Exercise details – Where the listing below has a line with "Miipat Toddler Girls", write out exactly that line and every line after it, stopping after the line with "Metal Pickup Professional".

Dataset content –
-- -- --

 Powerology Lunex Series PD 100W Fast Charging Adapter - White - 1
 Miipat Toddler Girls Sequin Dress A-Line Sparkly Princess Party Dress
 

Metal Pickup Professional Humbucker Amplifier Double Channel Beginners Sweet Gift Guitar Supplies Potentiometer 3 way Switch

-- -- --

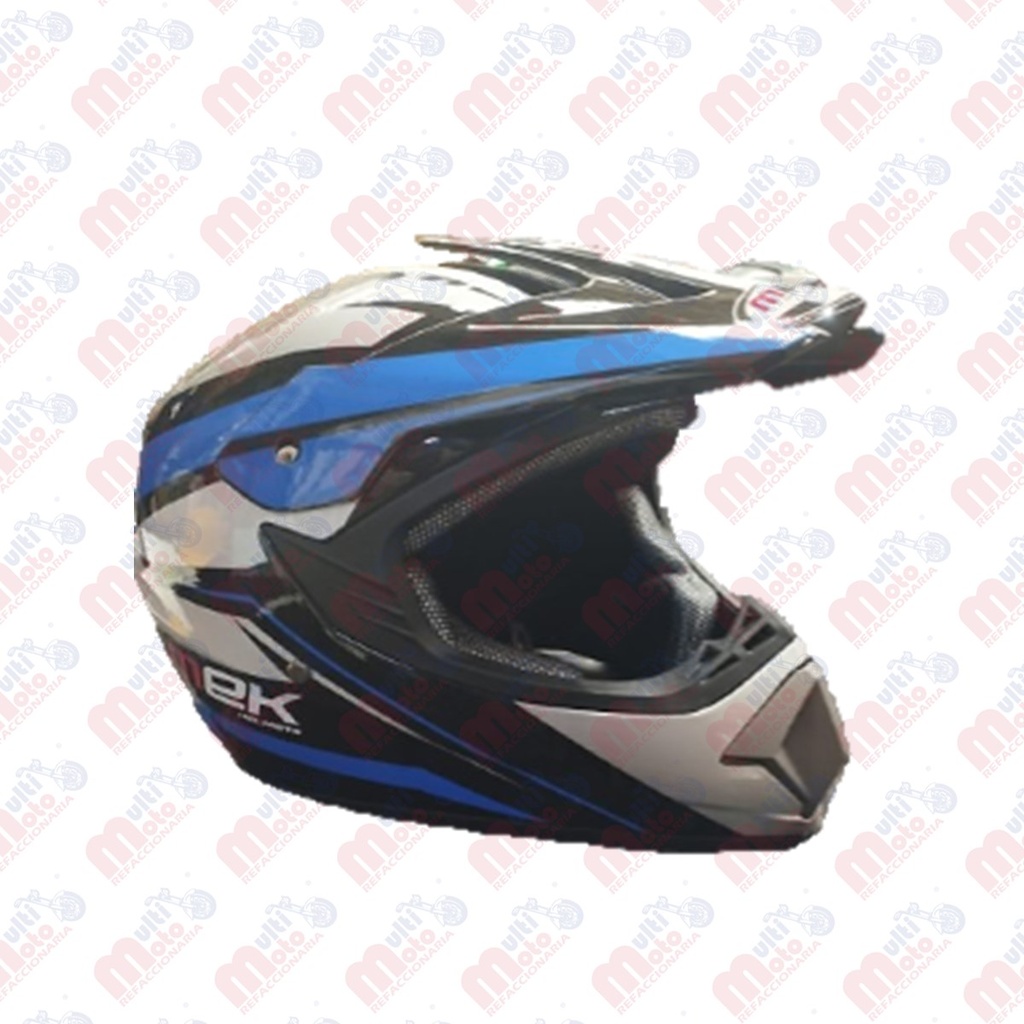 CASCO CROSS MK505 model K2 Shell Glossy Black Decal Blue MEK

-- -- --

Task result –
 Miipat Toddler Girls Sequin Dress A-Line Sparkly Princess Party Dress
 

Metal Pickup Professional Humbucker Amplifier Double Channel Beginners Sweet Gift Guitar Supplies Potentiometer 3 way Switch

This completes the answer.